◆ **Task goal**: Give back every record exactly, images excluded.

────────────────

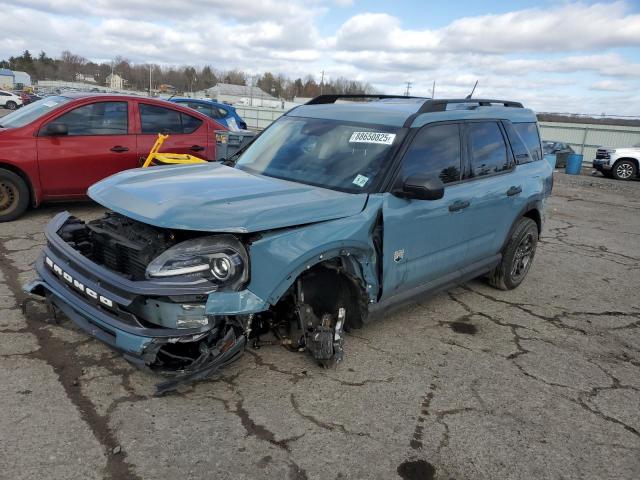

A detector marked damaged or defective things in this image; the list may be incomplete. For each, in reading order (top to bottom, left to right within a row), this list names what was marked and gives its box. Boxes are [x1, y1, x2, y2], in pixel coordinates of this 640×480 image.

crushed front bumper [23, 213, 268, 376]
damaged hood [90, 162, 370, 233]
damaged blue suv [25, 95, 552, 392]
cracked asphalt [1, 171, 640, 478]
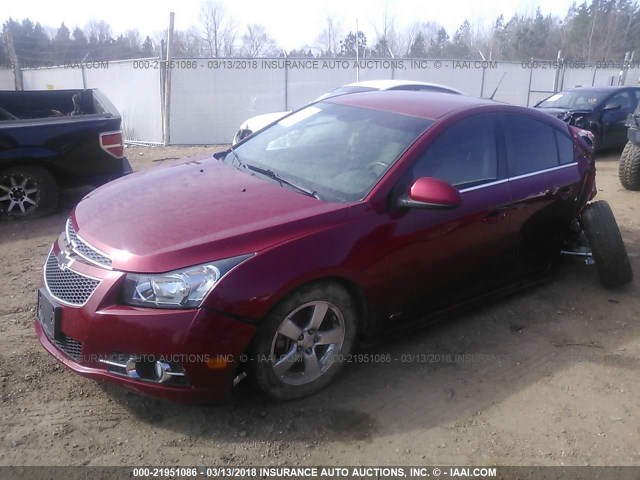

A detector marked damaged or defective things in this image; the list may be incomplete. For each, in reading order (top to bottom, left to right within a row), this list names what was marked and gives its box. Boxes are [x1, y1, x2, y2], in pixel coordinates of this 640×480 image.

────────────────

◆ **Response box**:
A detector marked damaged or defective things in this image; the list may be incomplete. For each, in reading order (top to bottom, left to right within a row), this list names what was marked and gives its box. Boxes are [x1, y1, x2, y2], in pixel coordinates of this 640×480 image.

crushed front bumper [23, 213, 268, 376]
damaged hood [90, 162, 370, 233]
damaged blue suv [25, 95, 552, 392]
cracked asphalt [1, 171, 640, 478]

A detector marked damaged or defective things in this image; the list may be incomplete. For each, in reading order (top to bottom, left to right within a row), this list names what was marked and gives its box. Boxes are [x1, y1, x2, y2], in pixel coordinates of this 640×480 image.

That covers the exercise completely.